__WORK ITEM__
Take the entries that follow and return exactly the lines from the one holding "Reclining Sectional" through the one holding "Zeller Present Besteckkasten, (1", both included. Nothing else is needed.

__PROVIDED INFORMATION__
--

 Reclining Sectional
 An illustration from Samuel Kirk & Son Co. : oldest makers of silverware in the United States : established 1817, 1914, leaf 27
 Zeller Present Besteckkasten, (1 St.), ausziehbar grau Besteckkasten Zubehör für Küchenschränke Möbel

--

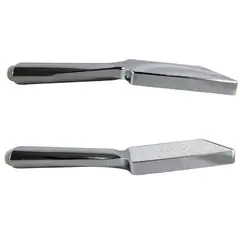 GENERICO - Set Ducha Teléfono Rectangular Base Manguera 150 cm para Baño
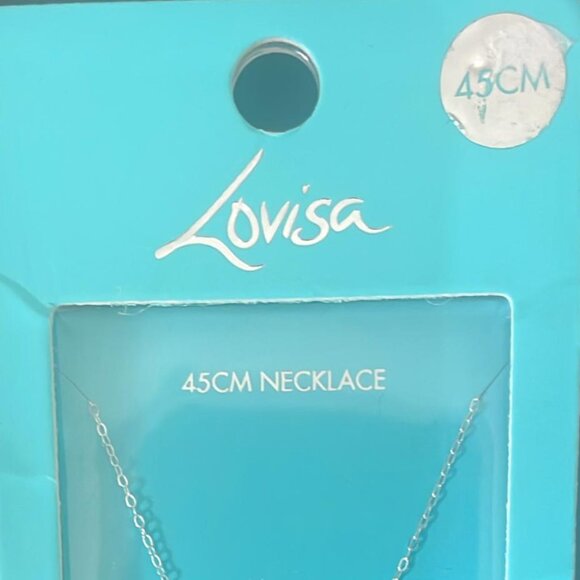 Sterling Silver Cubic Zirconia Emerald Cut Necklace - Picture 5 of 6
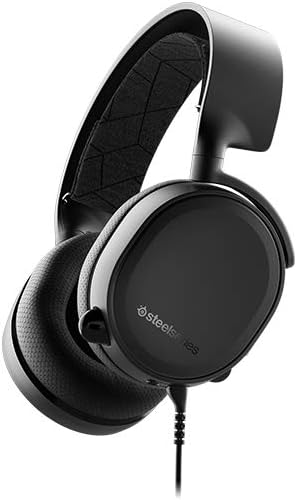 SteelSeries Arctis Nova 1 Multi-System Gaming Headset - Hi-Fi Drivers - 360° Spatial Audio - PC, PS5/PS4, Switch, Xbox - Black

--

__TASK ANSWER__
 Reclining Sectional
 An illustration from Samuel Kirk & Son Co. : oldest makers of silverware in the United States : established 1817, 1914, leaf 27
 Zeller Present Besteckkasten, (1 St.), ausziehbar grau Besteckkasten Zubehör für Küchenschränke Möbel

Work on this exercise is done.